Eric Gottesman, The Last Days of Baalu Girma, 2013, ink-jet print from Polaroid negative, 42 × 52". From “Africans in America.”

Eric Gottesman, The Last Days of Baalu Girma, 2013, ink-jet print from Polaroid negative, 42 × 52". From “Africans in America.”

“Africans in America”

Goodman Gallery/Johannesburg Art Gallery

Eric Gottesman, The Last Days of Baalu Girma, 2013, ink-jet print from Polaroid negative, 42 × 52". From “Africans in America.”

South African artists, dealers, and scholars often mourn the demise of the Johannesburg Biennale, a short-lived experiment in post-apartheid city branding and global outreach that ran for just two editions, in 1995 and 1997, invoking its legacy in interviews, essays, and tribute exhibitions. In 2010, the Goodman Gallery launched In Context, an occasional series of citywide exhibitions and events that aimed to address the void left by the defunct biennial—it is less a successor than an ambitious stopgap until something new emerges. To cocurate the second edition with her, Goodman Gallery director Liza Essers invited Hank Willis Thomas, who in the first edition had exhibited A Place to Call Home (Africa-America), 2009, an aluminum map depicting the two continental bodies in lonely cohabitation, hung next to El Anatsui’s bottle-top drapery Ink Spill, 2009. Thomas’s piece, which summons actual geographies while proposing speculative mappings, was used as the conceptual frame for this second installment, “Africans in America.”

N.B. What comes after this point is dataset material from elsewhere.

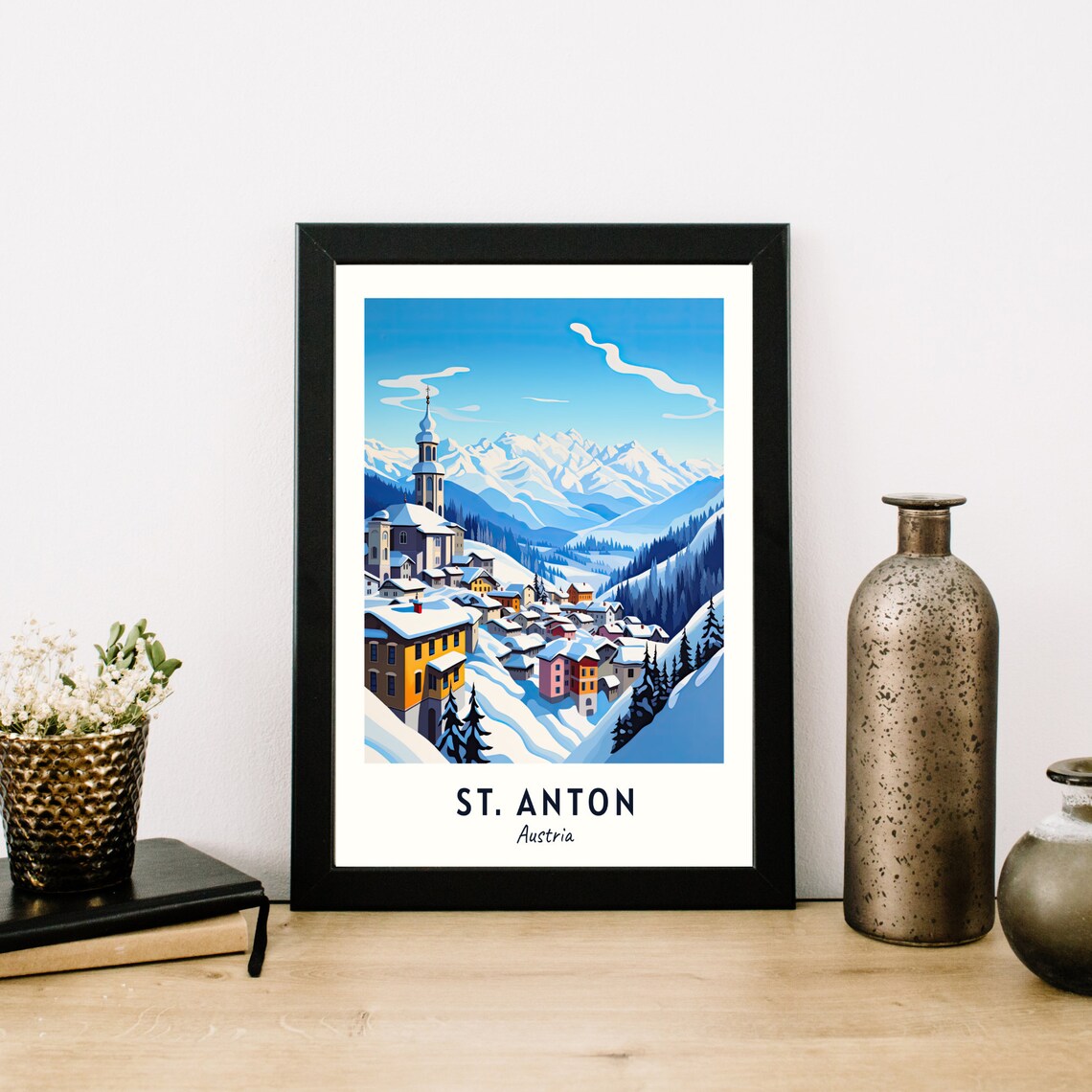 St. Anton Austria Snowy Mountain Village With Church Spire Poster - Image 3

The lineup at the two Johannesburg venues for “Africans in America” included ruby onyinyechi amanze, Ghada Amer, Stan Douglas, Lyle Ashton Harris, Wangechi Mutu, Odili Donald Odita, and Daàpò Reo, among others, representing a loose assembly linked to the African continent through practice or biography. Given the broad selection of artists and the expansive remit of the exhibition—to explore transcontinental connections using the slippery cipher of Africanness—a sense of randomness was probably unavoidable. Kehinde Wiley’s vivid 2010 portrait of Ghanaian soccer player John Mensah was shown opposite Alfredo Jaar’s shimmering light-box work One Million Points of Light, 2005, a deliberation on the transatlantic slave trade by way of a photograph taken from a watery vantage off the coast of Angola facing out toward Brazil. Jaar’s work, equal parts document and radiant abstraction, troubled the visual conceit proposed by Thomas in his reimagined map of two disconnected continental bodies in conversation. What about South America? The inclusion of two untitled photos of Brazilian artist Paulo Nazareth holding placards offering transactional services, from his “Noticias de America” (News from the Americas) series, 2011–12, didn’t really answer this question.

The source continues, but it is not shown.